US WTI crude oil below $27 as MSCI’s benchmark global stock index enters bear market territory
US crude oil dipped below $27 per barrel today, while the MSCI's benchmark global stock index fell into a bear market.
West Texas Intermediate crude, the US benchmark, slumped 5.73 per cent to $26.83 per barrel. And Brent, the global benchmark, shed 4.35 per cent to $27.51.
Concern over lower for even longer oil prices have dominated Davos, an annual meeting of global political and business elites. Glencore chairman Tony Hayward told Bloomberg that oil prices will hover around $30 per barrel for some time, while UBS chairman Alex Weber thinks they could fall even lower.
Read more: Experts warn the FTSE 100 is on the brink as global market volatility continues
This comes as global markets plummeted on fears about the slump in oil markets and a slowdown in economic growth in countries such as China.

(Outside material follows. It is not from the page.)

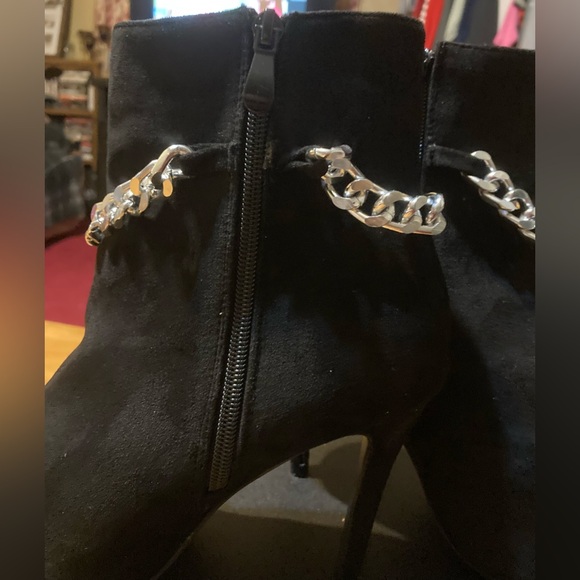 NWT Ladies Size 10 Mata Cravings 4” Heels With Chain - Picture 7 of 16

The MSCI All-Country World Index fell 2.9 per cent, bringing it through the threshold for a bear market. This is when a market falls more than 20 per cent from an all-time peak, suggesting the dominate trend is downwards, rather than a simple correction.
Today, Britain's blue-chip FTSE 100 slipped into a bear market, following in the steps of Japan's Nikkei.
They joined the French Cac40, the German Dax, the Russian main market and the Shanghai Composite which all entered into bear territory earlier this week.